Cerca de 3 mil pessoas do Movimento dos Trabalhadores Rurais Sem Terra (MST) fazem passeata por ruas do centro do Rio em defesa da agricultura camponesa no país, durante a Rio+20. Foto: Marcello Casal

Nas manifestações pelas ruas do Rio de Janeiro e no colorido da Cúpula dos Povos as pessoas e as organizações da sociedade civil gritaram, desenharam e sonharam palavras de ordem contra quase tudo. Enquanto isso, no RioCentro sucederam-se enfadonhos discursos de chefes de Estado que, por horas, ocuparam a tribuna para ler textos que pereciam ter sido escritos pelo mesmo ghost writer. O colorido das ruas substituído pelo monocromático das gravatas em discursos acanhados, como a explicar porque não tinham a coragem de sonhar com um amanhã menos cinzento.
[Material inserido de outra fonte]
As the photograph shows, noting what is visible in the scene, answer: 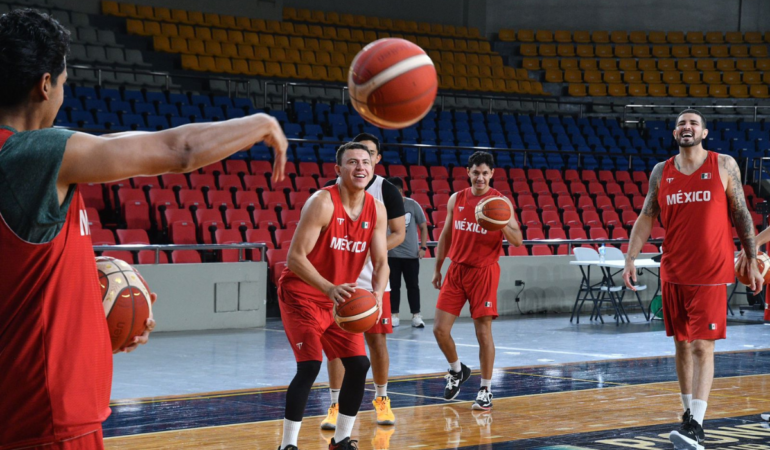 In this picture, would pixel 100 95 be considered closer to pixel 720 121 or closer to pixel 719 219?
pixel 719 219

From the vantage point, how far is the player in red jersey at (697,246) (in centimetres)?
532

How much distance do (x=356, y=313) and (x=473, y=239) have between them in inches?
99.8

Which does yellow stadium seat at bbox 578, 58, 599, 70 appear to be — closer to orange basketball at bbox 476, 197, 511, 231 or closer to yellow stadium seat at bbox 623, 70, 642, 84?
yellow stadium seat at bbox 623, 70, 642, 84

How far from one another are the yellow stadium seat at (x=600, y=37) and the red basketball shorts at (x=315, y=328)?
21.5 metres

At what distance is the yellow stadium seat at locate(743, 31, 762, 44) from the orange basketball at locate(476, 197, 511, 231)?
20996 mm

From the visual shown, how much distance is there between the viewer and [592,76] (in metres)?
23.5

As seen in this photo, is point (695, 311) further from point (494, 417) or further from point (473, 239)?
point (473, 239)

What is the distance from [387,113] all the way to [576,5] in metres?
23.2

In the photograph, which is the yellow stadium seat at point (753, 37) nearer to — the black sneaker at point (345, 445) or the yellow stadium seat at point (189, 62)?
the yellow stadium seat at point (189, 62)

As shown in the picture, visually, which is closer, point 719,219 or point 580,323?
point 719,219

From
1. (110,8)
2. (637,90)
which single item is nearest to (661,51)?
(637,90)

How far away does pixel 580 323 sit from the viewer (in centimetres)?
1238

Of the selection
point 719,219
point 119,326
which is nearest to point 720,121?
point 719,219

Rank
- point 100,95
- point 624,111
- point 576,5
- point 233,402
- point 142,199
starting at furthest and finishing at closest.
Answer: point 576,5, point 624,111, point 100,95, point 142,199, point 233,402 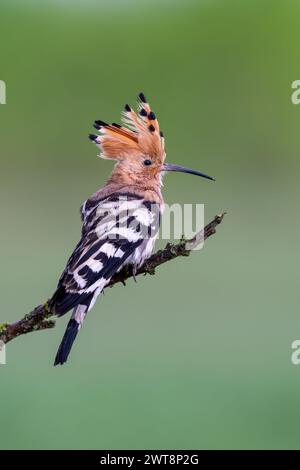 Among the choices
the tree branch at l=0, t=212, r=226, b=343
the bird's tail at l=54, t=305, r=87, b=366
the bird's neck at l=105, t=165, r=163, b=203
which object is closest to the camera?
the tree branch at l=0, t=212, r=226, b=343

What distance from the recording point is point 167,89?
10.5 m

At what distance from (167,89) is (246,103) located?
3.57 feet

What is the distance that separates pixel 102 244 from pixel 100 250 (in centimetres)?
4

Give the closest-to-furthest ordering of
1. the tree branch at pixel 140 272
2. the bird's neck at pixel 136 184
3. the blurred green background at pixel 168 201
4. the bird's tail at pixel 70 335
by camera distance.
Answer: the tree branch at pixel 140 272, the bird's tail at pixel 70 335, the bird's neck at pixel 136 184, the blurred green background at pixel 168 201

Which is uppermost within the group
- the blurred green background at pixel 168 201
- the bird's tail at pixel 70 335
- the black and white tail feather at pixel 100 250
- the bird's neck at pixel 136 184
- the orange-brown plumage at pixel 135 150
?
the blurred green background at pixel 168 201

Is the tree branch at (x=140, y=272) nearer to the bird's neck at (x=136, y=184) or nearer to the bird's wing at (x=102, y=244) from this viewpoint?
the bird's wing at (x=102, y=244)

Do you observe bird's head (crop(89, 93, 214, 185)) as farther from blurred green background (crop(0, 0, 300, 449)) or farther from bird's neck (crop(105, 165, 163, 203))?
blurred green background (crop(0, 0, 300, 449))

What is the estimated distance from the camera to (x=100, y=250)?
282cm

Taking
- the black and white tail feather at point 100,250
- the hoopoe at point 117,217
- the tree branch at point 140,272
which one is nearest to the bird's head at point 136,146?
the hoopoe at point 117,217

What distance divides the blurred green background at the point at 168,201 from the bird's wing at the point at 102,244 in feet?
3.86

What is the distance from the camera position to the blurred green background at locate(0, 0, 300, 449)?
176 inches

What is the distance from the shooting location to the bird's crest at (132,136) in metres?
3.35

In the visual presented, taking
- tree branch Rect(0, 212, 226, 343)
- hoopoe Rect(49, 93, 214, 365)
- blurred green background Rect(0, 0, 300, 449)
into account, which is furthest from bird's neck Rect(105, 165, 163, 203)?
blurred green background Rect(0, 0, 300, 449)

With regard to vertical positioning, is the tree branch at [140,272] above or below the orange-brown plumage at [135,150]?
below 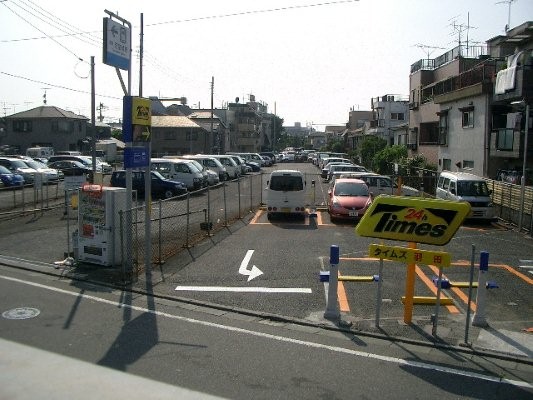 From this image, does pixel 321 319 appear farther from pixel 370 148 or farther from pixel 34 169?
pixel 370 148

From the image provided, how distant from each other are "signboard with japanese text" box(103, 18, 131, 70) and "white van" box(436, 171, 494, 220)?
Answer: 506 inches

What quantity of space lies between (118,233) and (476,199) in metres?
13.3

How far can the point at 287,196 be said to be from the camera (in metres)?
18.5

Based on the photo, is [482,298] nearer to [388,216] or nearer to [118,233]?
[388,216]

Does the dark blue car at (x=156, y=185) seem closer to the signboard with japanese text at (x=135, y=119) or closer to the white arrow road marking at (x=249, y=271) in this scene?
the white arrow road marking at (x=249, y=271)

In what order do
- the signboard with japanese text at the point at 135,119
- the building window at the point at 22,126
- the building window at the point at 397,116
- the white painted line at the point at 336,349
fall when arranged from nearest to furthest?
the white painted line at the point at 336,349 → the signboard with japanese text at the point at 135,119 → the building window at the point at 22,126 → the building window at the point at 397,116

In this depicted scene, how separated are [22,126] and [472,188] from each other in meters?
53.5

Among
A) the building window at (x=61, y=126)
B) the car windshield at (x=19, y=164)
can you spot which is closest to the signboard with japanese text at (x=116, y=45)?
the car windshield at (x=19, y=164)

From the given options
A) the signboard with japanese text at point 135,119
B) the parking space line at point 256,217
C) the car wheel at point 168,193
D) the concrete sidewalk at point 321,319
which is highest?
the signboard with japanese text at point 135,119

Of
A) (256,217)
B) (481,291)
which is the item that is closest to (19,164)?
(256,217)

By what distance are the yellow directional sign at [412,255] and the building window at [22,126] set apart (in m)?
58.7

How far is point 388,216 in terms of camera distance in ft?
25.2

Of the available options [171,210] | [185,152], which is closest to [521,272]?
[171,210]

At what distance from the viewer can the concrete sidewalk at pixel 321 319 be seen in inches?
276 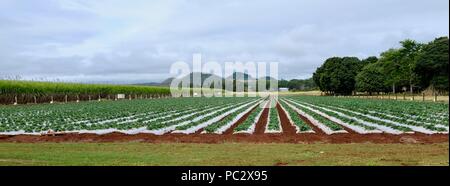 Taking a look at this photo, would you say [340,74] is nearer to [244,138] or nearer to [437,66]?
[437,66]

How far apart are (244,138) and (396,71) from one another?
43.2 meters

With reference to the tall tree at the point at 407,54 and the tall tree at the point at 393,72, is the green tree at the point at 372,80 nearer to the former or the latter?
the tall tree at the point at 393,72

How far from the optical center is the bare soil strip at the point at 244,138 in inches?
584

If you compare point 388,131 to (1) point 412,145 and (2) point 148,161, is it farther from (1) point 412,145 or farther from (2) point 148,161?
(2) point 148,161

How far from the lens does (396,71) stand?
178 feet

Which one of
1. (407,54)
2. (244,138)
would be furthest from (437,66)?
(407,54)

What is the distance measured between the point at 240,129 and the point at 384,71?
4737 centimetres

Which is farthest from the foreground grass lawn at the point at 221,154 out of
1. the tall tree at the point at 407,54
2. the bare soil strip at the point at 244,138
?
the tall tree at the point at 407,54

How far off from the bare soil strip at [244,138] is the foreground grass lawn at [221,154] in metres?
0.97

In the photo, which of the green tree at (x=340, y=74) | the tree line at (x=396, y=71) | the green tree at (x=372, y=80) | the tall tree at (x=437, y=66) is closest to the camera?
the tall tree at (x=437, y=66)

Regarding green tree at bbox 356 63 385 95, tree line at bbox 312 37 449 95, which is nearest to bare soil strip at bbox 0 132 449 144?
tree line at bbox 312 37 449 95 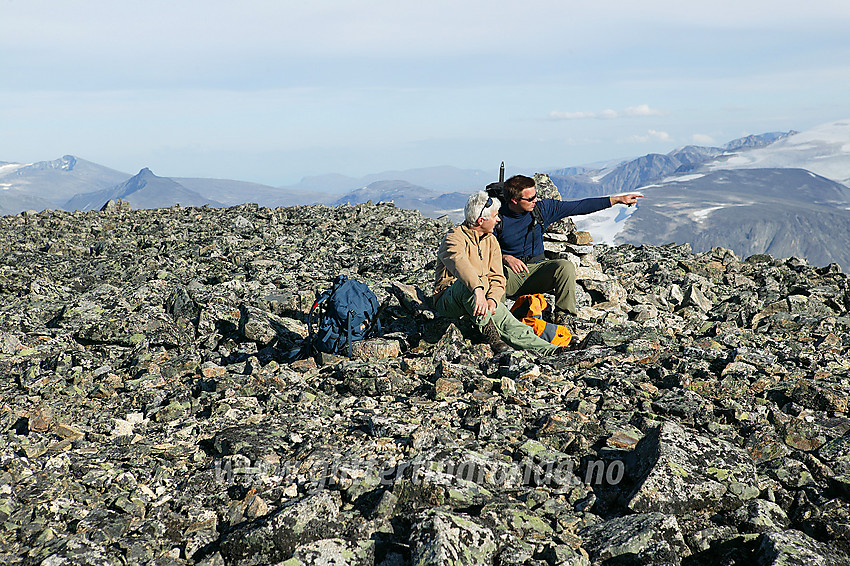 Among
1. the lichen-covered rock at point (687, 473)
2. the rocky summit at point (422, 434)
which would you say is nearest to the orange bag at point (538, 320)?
the rocky summit at point (422, 434)

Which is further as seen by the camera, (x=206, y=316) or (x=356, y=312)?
(x=206, y=316)

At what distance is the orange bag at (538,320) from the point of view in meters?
9.54

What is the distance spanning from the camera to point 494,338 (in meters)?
9.27

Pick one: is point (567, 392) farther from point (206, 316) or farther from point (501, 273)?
point (206, 316)

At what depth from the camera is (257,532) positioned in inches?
187

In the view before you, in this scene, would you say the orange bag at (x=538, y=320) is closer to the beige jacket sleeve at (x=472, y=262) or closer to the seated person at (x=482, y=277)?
the seated person at (x=482, y=277)

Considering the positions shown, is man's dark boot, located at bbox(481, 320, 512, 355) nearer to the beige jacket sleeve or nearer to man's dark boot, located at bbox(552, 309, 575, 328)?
the beige jacket sleeve

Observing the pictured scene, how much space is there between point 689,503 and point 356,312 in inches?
219

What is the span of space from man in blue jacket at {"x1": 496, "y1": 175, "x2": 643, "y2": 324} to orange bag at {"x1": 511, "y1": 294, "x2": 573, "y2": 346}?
0.40m

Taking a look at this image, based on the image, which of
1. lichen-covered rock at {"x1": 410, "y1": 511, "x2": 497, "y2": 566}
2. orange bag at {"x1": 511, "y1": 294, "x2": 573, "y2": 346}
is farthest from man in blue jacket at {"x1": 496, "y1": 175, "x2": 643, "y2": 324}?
lichen-covered rock at {"x1": 410, "y1": 511, "x2": 497, "y2": 566}

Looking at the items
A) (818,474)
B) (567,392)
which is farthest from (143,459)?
(818,474)

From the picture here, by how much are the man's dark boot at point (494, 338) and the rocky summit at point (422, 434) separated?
0.15 metres

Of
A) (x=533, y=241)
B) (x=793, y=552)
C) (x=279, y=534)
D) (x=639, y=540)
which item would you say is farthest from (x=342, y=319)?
(x=793, y=552)

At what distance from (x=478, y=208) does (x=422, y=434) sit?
3.97 metres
A Rio+20 vai entrar para a história como um vazio de coragem e o abandono das utopias. A ruptura entre as palavras de ordem das ruas e a ordem das palavras no documento final da conferência. No entanto, não é um fim de linha, nem para a ONU nem para a sociedade civil. O próprio secretário geral, Ban Ki-Moon considerou o documento acordado entre os países como tímido e as organizações sociais sabem
que há muito trabalho a fazer. Até 2014 devem ser definidos os Objetivos de Desenvolvimento Sustentável (ODS), que precisam ser mais corajosos do que esse documento “sem conflitos” assinado no Rio de Janeiro.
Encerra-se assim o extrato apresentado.